Brief descriptive captions
Segment Open
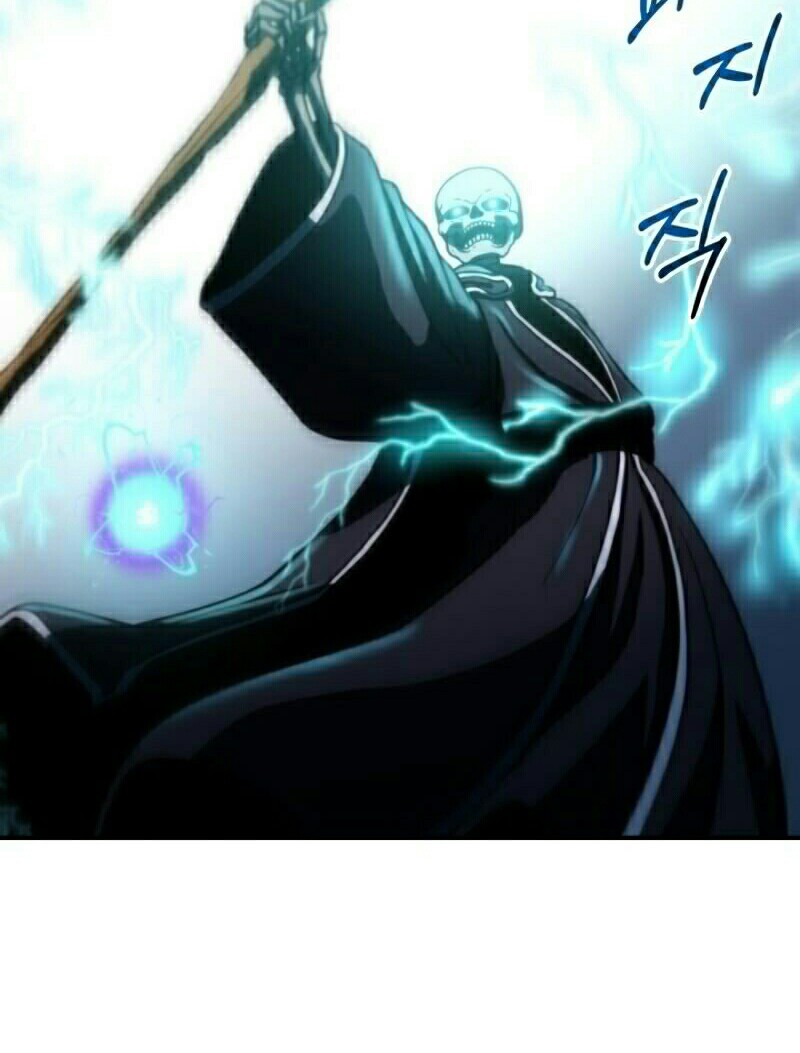 Dungeon House Bab 13 halaman 45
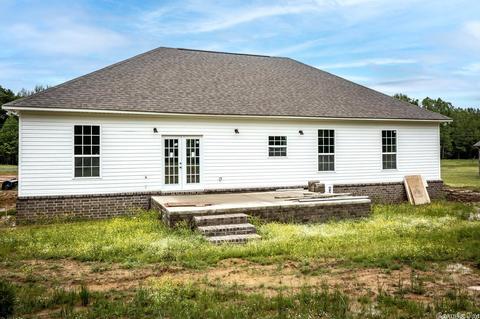 245 Covey Ln, Austin, AR 72007 photo 33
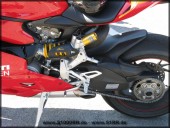 s1000rr_de_panigale_07.jpg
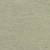 CAMPO Cashmere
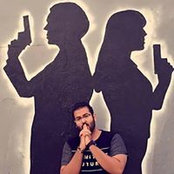 Foto von Sam Ali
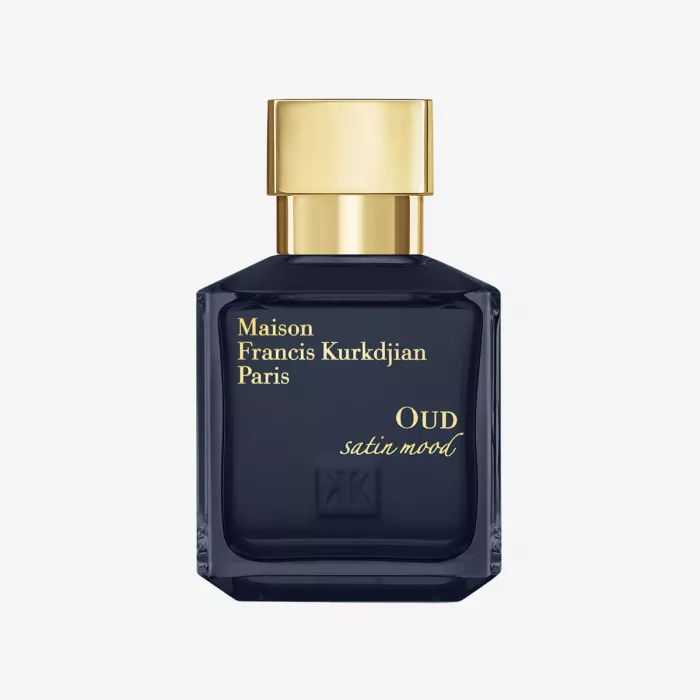 OUD SATIN MOOD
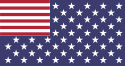 דגל מועצות הברית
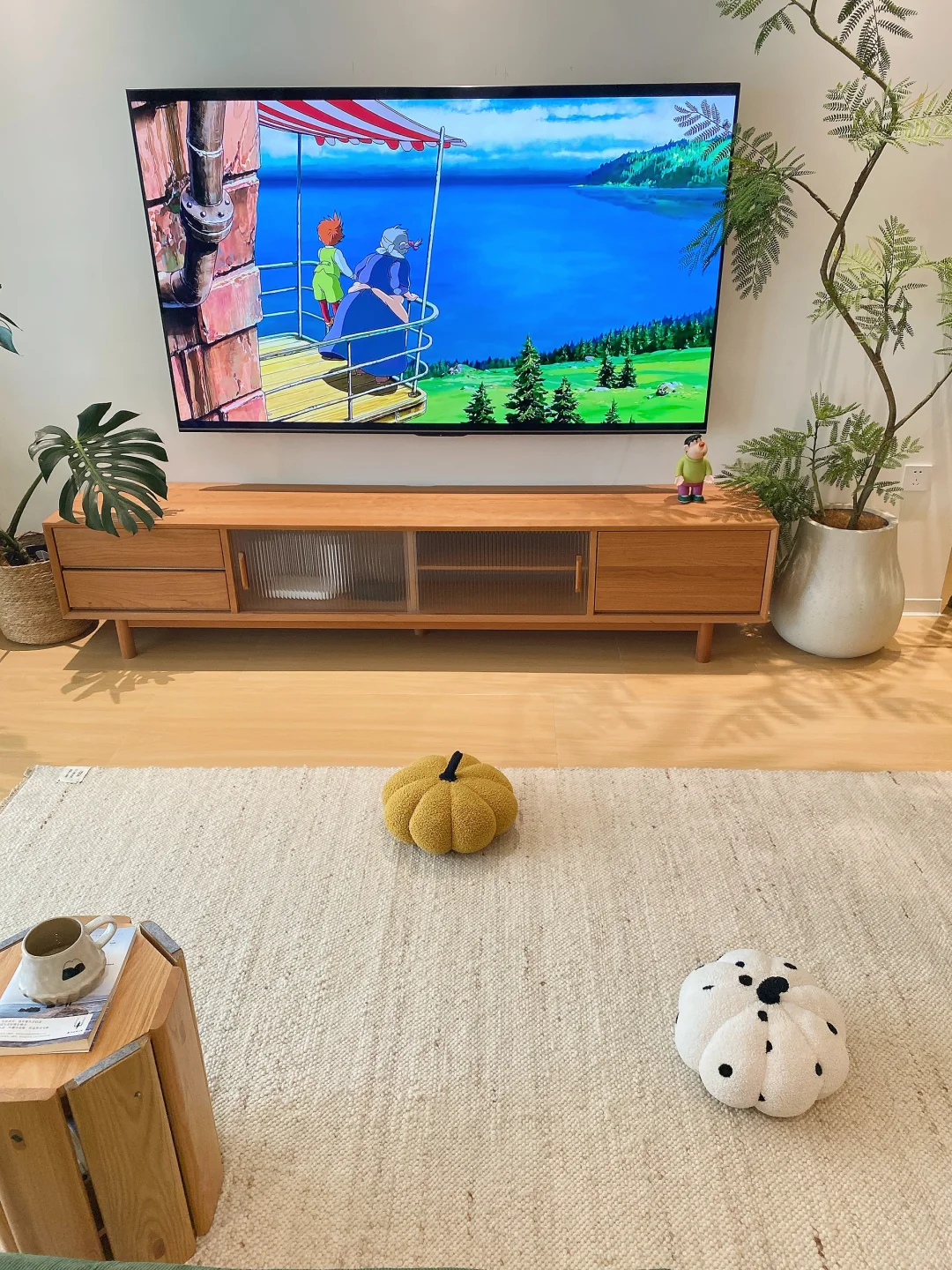 普通人的家真的没必要过度装修！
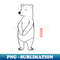 RG-20231107-6714_sad bear 8374.jpg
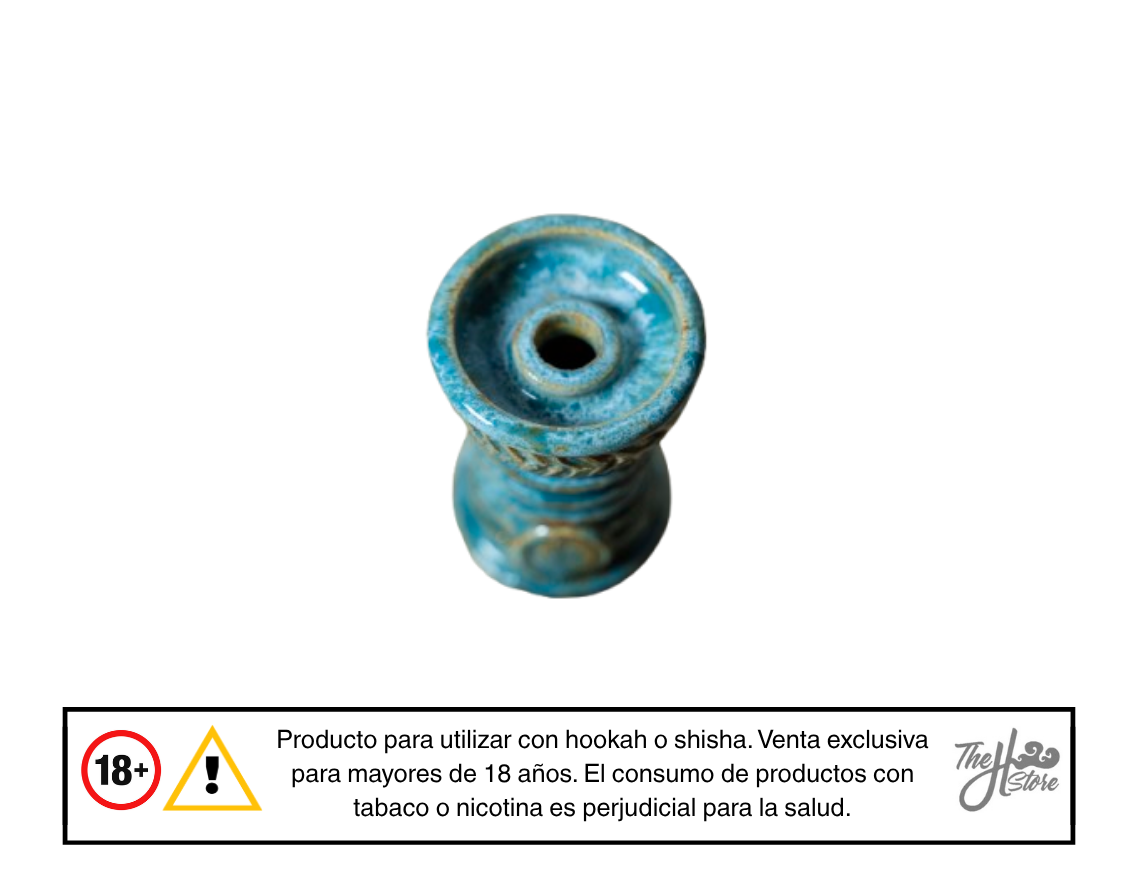 Bowl Nuke - Deluxe Collection - Imagen 8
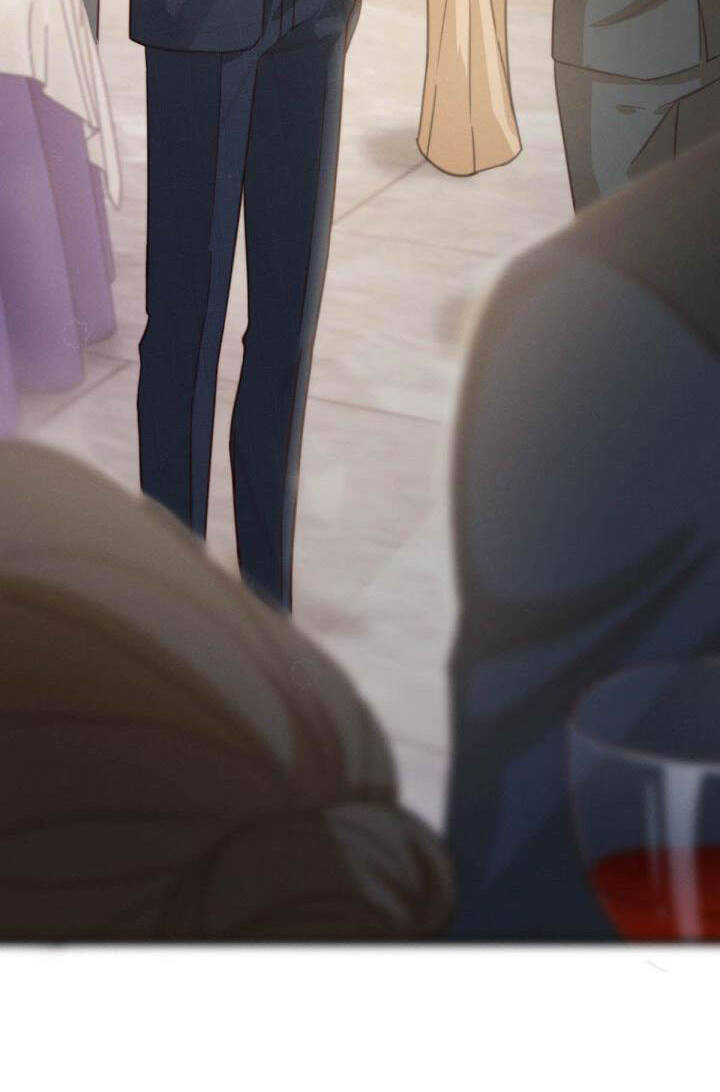 Nịch Tửu Chapter 15 - Trang 2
Segment Closed
— DESCRIPTION OF THE TASK —
Take the line containing "דגל מועצות הברית" as the first line and the last line of the data above as the final one, and output exactly the lines between them, inclusive, with no pictures.

— ANSWER AREA —
 דגל מועצות הברית
 普通人的家真的没必要过度装修！
 RG-20231107-6714_sad bear 8374.jpg
 Bowl Nuke - Deluxe Collection - Imagen 8
 Nịch Tửu Chapter 15 - Trang 2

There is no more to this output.